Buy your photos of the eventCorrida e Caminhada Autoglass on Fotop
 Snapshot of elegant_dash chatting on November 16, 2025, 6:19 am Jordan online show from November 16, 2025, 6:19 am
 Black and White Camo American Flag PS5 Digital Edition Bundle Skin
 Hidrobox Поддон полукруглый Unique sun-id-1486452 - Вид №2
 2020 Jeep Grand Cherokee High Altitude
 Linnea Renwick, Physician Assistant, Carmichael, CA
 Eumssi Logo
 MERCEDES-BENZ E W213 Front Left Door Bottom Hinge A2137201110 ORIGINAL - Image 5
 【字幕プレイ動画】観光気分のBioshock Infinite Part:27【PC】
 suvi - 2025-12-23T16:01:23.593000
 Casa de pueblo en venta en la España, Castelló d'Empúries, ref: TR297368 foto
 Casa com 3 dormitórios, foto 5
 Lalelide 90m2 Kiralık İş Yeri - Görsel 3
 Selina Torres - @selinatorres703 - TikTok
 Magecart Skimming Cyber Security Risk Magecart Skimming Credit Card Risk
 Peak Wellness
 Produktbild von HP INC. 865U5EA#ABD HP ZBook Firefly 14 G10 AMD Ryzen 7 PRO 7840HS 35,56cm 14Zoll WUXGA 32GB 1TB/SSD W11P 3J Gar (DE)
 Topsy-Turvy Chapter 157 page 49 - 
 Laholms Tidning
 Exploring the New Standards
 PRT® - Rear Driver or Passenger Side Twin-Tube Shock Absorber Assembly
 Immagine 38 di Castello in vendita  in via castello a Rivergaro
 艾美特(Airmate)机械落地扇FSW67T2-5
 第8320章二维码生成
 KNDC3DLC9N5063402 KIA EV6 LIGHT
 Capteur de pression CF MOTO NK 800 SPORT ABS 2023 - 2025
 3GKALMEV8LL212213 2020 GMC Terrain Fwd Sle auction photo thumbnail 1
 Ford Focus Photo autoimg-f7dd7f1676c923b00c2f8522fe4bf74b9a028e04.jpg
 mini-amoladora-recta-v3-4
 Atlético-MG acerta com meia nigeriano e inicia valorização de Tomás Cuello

__HOW TO COMPLETE THIS TASK__: From the records above, print exactly the lines that run from the line with "suvi - 2025-12-23T16:01:23.593000" to the line with "Selina Torres - @selinatorres703 - TikTok", inclusive.

__ANSWER BOX__:
 suvi - 2025-12-23T16:01:23.593000
 Casa de pueblo en venta en la España, Castelló d'Empúries, ref: TR297368 foto
 Casa com 3 dormitórios, foto 5
 Lalelide 90m2 Kiralık İş Yeri - Görsel 3
 Selina Torres - @selinatorres703 - TikTok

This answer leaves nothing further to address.